**Problem description**
Only one stretch of the material below is wanted: everything from the line containing "Snapshot of Crystal_Love_Porn" down to the line containing "Axis Communications A1210", both ends included. Repeat it exactly and skip the pictures.

**Supplied material**
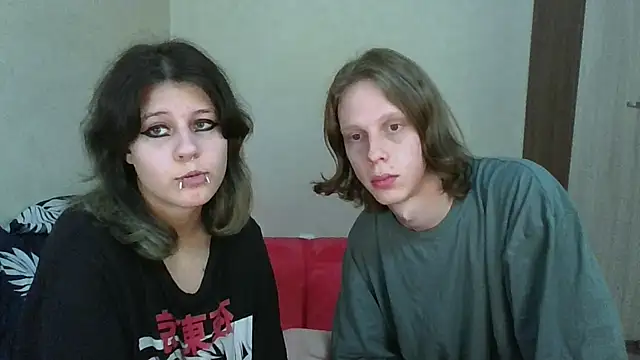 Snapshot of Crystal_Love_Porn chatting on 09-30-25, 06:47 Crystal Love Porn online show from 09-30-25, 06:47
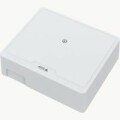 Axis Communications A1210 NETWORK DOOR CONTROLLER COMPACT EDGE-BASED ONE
--
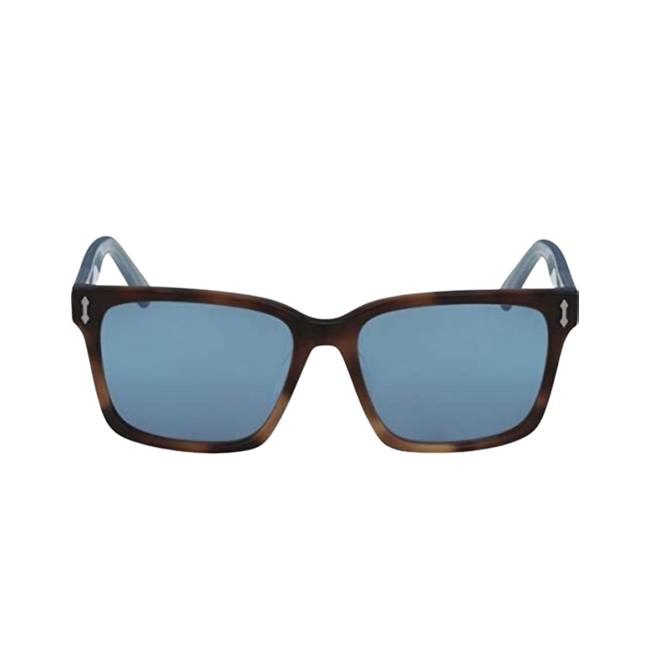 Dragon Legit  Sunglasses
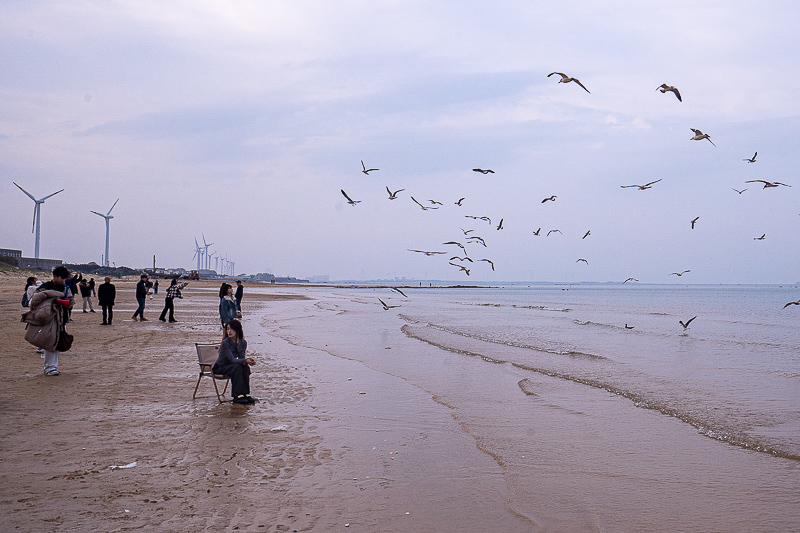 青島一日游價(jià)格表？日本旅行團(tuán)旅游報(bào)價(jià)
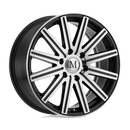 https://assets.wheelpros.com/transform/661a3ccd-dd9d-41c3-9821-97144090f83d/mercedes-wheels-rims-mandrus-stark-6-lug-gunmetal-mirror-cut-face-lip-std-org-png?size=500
...
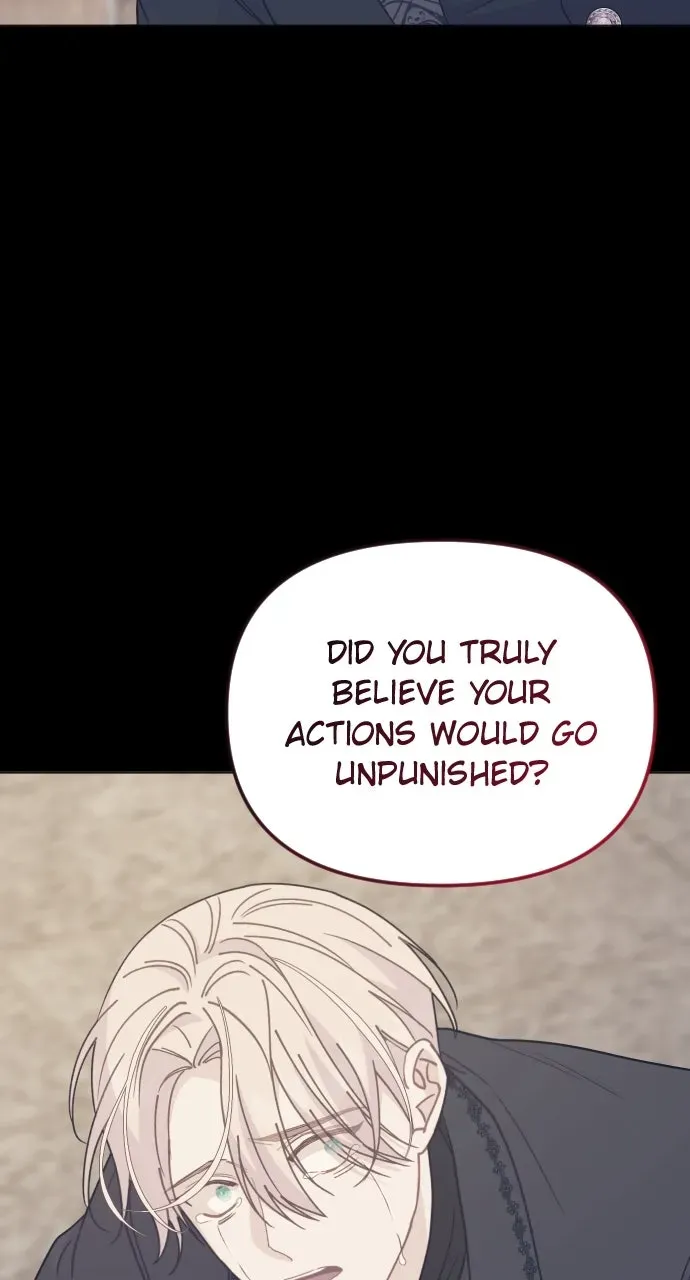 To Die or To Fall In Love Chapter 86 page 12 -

**Output below**
 Snapshot of Crystal_Love_Porn chatting on 09-30-25, 06:47 Crystal Love Porn online show from 09-30-25, 06:47
 Axis Communications A1210 NETWORK DOOR CONTROLLER COMPACT EDGE-BASED ONE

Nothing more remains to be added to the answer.